This "hidden case" factor of 41 is similar to the factor of 35 reported before for a similar study that looked at reported COVID-19 death in the US. There is 6-day time difference for those two number, during which time the more widespread availability of tests reduced the "hidden case" factor for the US; on March 17, the factor from the death-based study was 92. A likely source for the discrepancy is that Santa Clara county had more available test capacity than typical for the US; the county has reported the ability to do 100 test per day. Even with this test capacity that looks reasonable when compared to reported case numbers, the county lab limited testing hospital patients and members of high-risk groups.

Where does the large "hidden case" factor come from?

Multiple issues contribute to the issue, but we can estimate at least one of them: the "infection-to-test delay factor". If every person would get tested every single day, that factor would not exist (or, mathematically, be 1.0). But this cannot be done at any place in the world, nor would it make sense. Instead, the minimum wait is until first symptoms appear. This is about 5 days for COVID-19. During that time, the size of the epidemic has doubled. In other words, for an epidemic with a doubling time and time to onset of symptoms of 5 day:
  • If every single infected person would be tested on the first day of symptoms, the "infection-to-test delay factor" would be 2.0 
Clearly, this is still to optimistic. Initial symptoms are generally mild, and get worse as the disease progresses. Further more, it may take a day or two before the test is actually performed, and another day or two before the result is included in the officially reported numbers. Together, this makes a delay of about 10 days more likely: 5 days incubation period, 2 days for symptoms to increase, 2 days to get the test, and one day for reporting. During these 10 days, the number of infected people doubles twice, so we get:
  • A more realistic estimate of the "infection-to-test delay factor" is 4.0 
 Note that this factor actually will be higher if the epidemic grows more rapidly. But let's ignore that, and ask:

What else contributes to the "hidden case" factor?

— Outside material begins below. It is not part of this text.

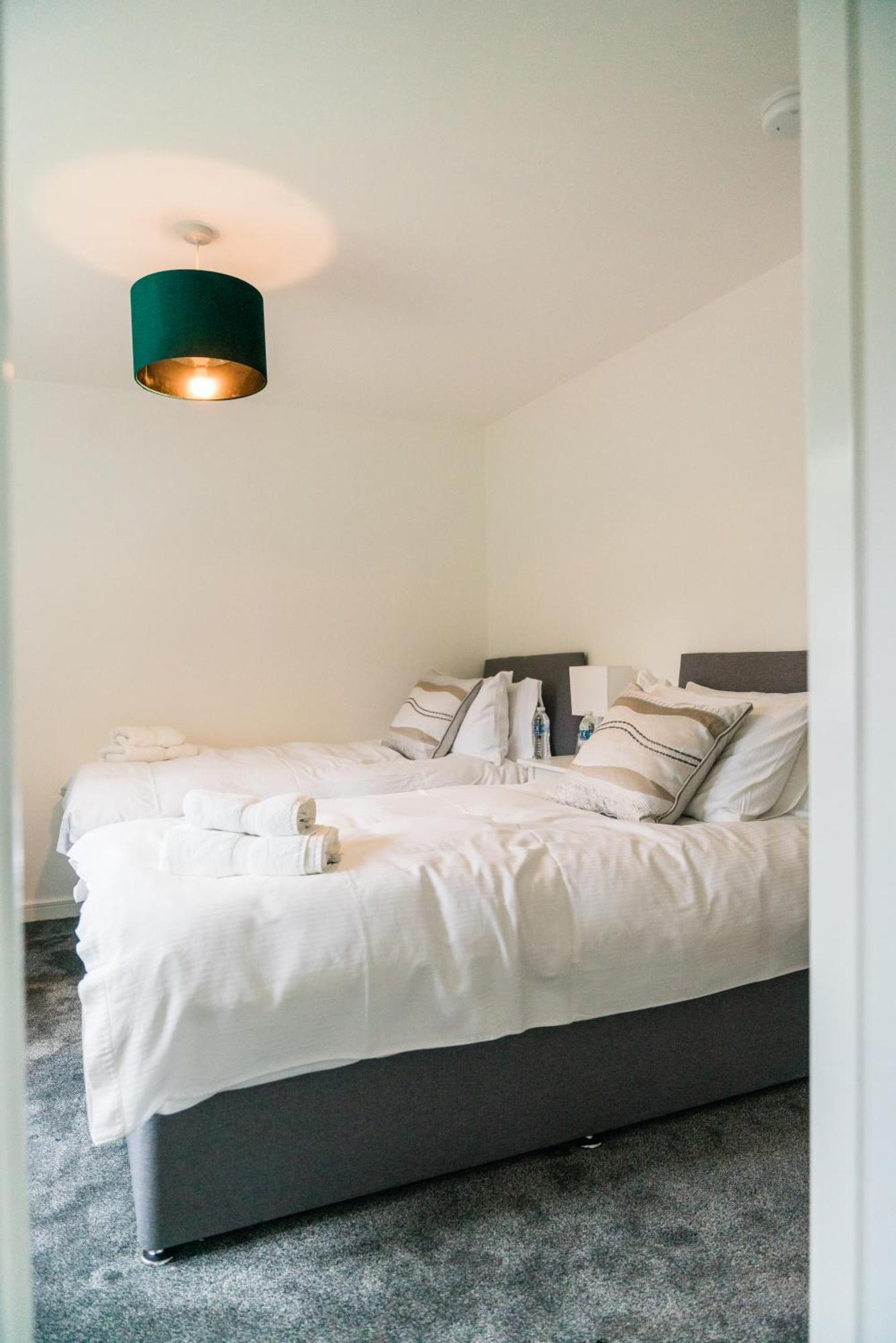 Pensjonat Pencoed House Estate Cardiff Zewnętrze zdjęcie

Like in many other countries, access to tests in the US has been limited. Just having symptoms alone was not a sufficient reason to qualify for a test; instead, factors like exposure to a confirmed COVID-19 case, travel history, or being a medical professional were required - often together with symptoms. Without other factors, COVID-19 testing was generally limited to patients with severe symptoms. A typical estimate is that 80% of cases have only mild symptoms (or no symptoms at all). This adds a "light symptoms factor" of 5.

There are other reasons why an infected person may not get tested, or not be included in the official case numbers. Some people prefer not to get tested, even with moderate symptoms; some may also have a cold or the flu which obscures the COVID-19 infection; some may not be able to get to a testing site, or convince their doctor to given them the necessary note; testing may fail and return a false-negative result; and to more. We'll group all those together into one factor, which we will call the "other reasons factor". Let's assume this factor is smaller than the others, and give it a value of 2.

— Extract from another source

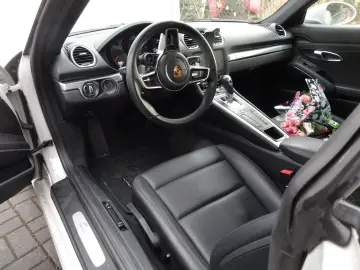 PORSCHE Cayman 718 SportChrono Leder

We can view the inverse of the factors as probabilities. The chance that any given infection is "old enough" is 1 / 4, or 25%. The chance that an infection will be severe enough to warrant testing is 1 in 5, or 20%. Since they are independent probabilities, we can just multiply them to see what the chances are that an infected person will be tested and included in the official numbers:
  • p(report) = 0.25 * 0.2 * 0.5 = 0.025 = 1/40
That means only one in 40 infected persons will get tested - just what the simulations predicted! In other words, we can explain quite well why the "official" case numbers understate the true number of infections.

Bottom line: A large "hidden case factor" can easily be explained

Yes, the official numbers are indeed likely to understate the number of confirmed cases by a factor of 40. This cannot just be explained, but actually would be expected from what we know about the testing and the disease:
  • An "infection-to-test delay factor" of 4 is caused by the incubation time, and delays between onset of symptoms and reporting.
  • A "light symptoms factor" of 5 is the result of limiting testing to cases with more severe symptoms,
  • Multiple other factors together are less important, and can be summarized in an "other reasons factor" of 2.0.
In other words, the things we know for sure cause a 20-fold under-reporting; other factors that we know about, but cannot easily quantify, only cause a 2-fold under-reporting.

To improve this situation, testing guidelines must be relaxed. For example, the "light symptoms factor" of 5 could easily be reduced by testing everyone with light symptoms; the testing guidelines in several countries now allow for all suspected cases to be included.

Even if tests are made much more available, though, the "infection-to-test delay factor" remains as long as the epidemic is in an exponential growth phase. The only way to get a true number of current infections would be to test an entire population (or a subset) regardless of symptoms. One step that goes in at least in this direction, but is easier to implement, is the contact tracing with complete testing of all identified contacts.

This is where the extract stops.